Having recently agreed to pay perky Katie Couric and her glam gams $15 million per year to anchor their evening newscast out of third place come September, CBS had no desire to let crusty, folksy Dan Rather, 74 — the man who held the anchor job for 24 years — out of the 60 Minutes broom closet where the dust made him sneeze and no one returned his calls.
As a result — and because the feisty Texan can take a freaking hint — Rather announced he is leaving CBS News before his contract expires in November after he and the network failed to agree on a role for him going forward.
Rather was pressured out of the anchor job in March of ’05 as a result of “Rathergate,” a disputed 2004 60 Minutes II report about President Bush’s National Guard service.
Regarding Rathergate, the newsman and the network said, “On Sept. 8, 2004, Rather did a report for the Wednesday edition of 60 Minutes which raised questions about President George W. Bush’s service in the Texas Air National Guard. Included in the report were documents that purported to show that Mr. Bush received preferential treatment.
“But after further investigation, CBS could no longer vouch for the authenticity of the documents. Rather apologized for the report: ‘I want to say personally and directly, I’m sorry.’
“‘We should have been more rigorous in trying to establish the validity of the documents,’ said Rather, adding, ‘First and foremost is that four people lost their jobs over it. And I never have them far from my mind. I regret every nanosecond when I let anybody at CBS News down, and even more, when I let the audience down.

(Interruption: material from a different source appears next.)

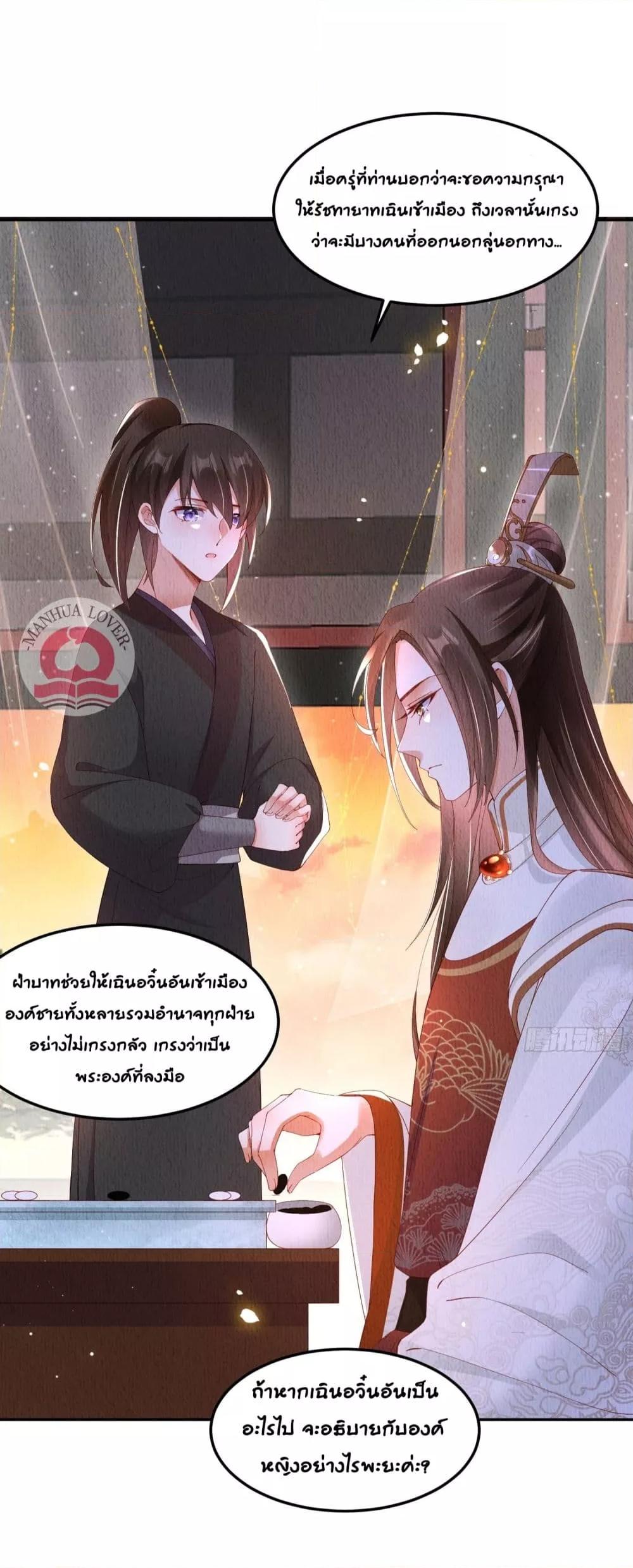 อ่านการ์ตูน After I Bloom, a Hundred Flowers Will ill 29 ภาพที่ 23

It’s painful to me.'”
More painful still was mostly sitting around since then. “I leave now most of all with the desire to once again do regular, meaningful reporting. My departure before the term of my contract represents CBS’s final acknowledgement, after a protracted struggle, that they had not lived up to their obligation to allow me to do substantive work there,” Rather said in a statement. “As for their offers of a future with only an office but no assignments, it just isn’t in me to sit around doing nothing.”
CBS News announced that it plans a prime-time special dedicated to Rather’s career this fall, and that it would make a contribution to his alma mater, Sam Houston State. “Of all the famous names associated with CBS News, the biggest and brightest on the marquee are Murrow, Cronkite and Rather. With the utmost respect, we mark the extraordinary and singular role Dan has played in writing the script of not only CBS News, but of broadcast journalism,” said Sean McManus, CBS News president, in a statement.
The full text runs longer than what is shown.